There's plenty to be afraid of in the ground in Italian thriller 'I'm Not Scared'

By Richard von Busack

WE'VE SEEN movies made in Sicily and Calabria that looked like they took place on another planet, but what director Gabriele Salvatores finds in the province of Potenza, Italy, is something else: an Italian analogue to Texas. It's wheat-growing terrain, with blistering summers. In 1978, a 10-year-old boy named Michele (Giuseppe Cristiano) is lounging through his summer surrounded by a small gang of kids. He is with the gang but not of it; he is fanciful and in love with tales of mystery and the imagination. By happenstance, Michele is alone when he finds a cave near the ruins of a farmhouse. He murmurs to himself about Ali Baba, but what he finds inside isn't gold or jewels but a vague something.

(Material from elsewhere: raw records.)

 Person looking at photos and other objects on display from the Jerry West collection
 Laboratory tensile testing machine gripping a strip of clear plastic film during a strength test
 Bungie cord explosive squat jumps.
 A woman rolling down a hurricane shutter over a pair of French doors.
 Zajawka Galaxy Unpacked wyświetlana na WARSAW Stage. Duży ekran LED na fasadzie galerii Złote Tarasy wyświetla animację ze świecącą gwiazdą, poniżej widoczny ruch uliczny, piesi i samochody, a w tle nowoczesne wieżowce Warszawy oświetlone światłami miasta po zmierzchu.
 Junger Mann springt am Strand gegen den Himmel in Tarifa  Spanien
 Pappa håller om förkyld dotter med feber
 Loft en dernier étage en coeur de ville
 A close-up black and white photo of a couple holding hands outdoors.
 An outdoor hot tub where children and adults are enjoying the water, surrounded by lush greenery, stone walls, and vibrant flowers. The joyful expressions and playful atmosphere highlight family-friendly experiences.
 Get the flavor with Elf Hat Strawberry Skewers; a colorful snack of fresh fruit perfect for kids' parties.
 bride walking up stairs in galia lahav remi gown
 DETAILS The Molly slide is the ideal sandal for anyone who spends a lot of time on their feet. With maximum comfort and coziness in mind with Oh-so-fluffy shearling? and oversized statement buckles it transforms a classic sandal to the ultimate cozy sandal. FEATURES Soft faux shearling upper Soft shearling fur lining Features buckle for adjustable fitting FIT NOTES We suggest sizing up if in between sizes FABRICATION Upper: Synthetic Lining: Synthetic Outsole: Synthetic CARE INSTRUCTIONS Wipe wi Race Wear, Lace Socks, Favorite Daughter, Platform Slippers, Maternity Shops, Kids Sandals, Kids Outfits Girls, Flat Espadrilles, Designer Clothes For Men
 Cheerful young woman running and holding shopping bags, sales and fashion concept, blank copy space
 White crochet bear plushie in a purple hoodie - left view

At first, Michele thinks it is a corpse, then a specter. Then he realizes that it's a chained-up little boy named Filippo (Mattia Di Pierro), who's filthy and starting to lose his mind from confinement. Because we see the situation from Michele's eyes, the possibilities run rampant; in an area this poor, it might be cannibals who stole him, fattening the child up. (The property is owned by a hog farmer who seems to be reverting into a boar himself; he lies around with a radio strapped to his fat arm, probably out of fear that someone will steal it while he sleeps in the sun.)

Only a half-dozen buildings make up the hamlet where Michele lives, which limits the suspects. Then Michele's father, a truck driver, announces that some friends will be staying in their house. When they arrive, they're a bad crowd: his partners in a kidnapping that's not proceeding as planned. And they're starting to think about encouraging their victim's parents to pay by sending them an ear.

Previously, Salvatores directed Mediterraneo, an Italian postcard that had an art-house following. I'm Not Scared is a far more impressive effort, a first-rate and good-looking nerve tightener. The revelation of the child in the cave is stunningly scary. You're not sure if the child isn't a ghost: Filippo thinks he's dead, and he is near-blind from the darkness and whispers about the raccoons that won't leave him alone. His captors are nasty pieces of work. The boss, Sergio (Diego Abatantuono, very good), talks about his richer life in Brazil in a way that make you shudder for the Brazilians. His driver (Giorgio Careccia), a shaven-headed dandy, may not be a psycho yet, but he might well be one some day. Michele's father is played by Dino Abbrescia with one of the most unnerving false smiles since John "Gomez Addams" Astin, and he smiles it around a jaunty cigarette holder, just as Astin's father used to. Between the exposed landscape and the just-above-sustenance lives lived in this no-name village, in which the heat and poverty is so pervasive that no one notices it, you don't have a clue how the kidnapped boy will escape mutilation and death.

The last 20 minutes ease you off the hook. When Michele rides his bicycle, among tame-looking snakes and strange-faced owls, the sequence should have had the magic and terror of similar passages in The Night of the Hunter. It's apparent, however, that the gears are shifting for a happy ending. Still, this is a gripping film--particularly recommended for smarter children, of about Michelee's age. The least-important part is the way it shows up the far more expensive Man on Fire in all of its fields: as a study of kidnapping, as a study of children, as a study in terror.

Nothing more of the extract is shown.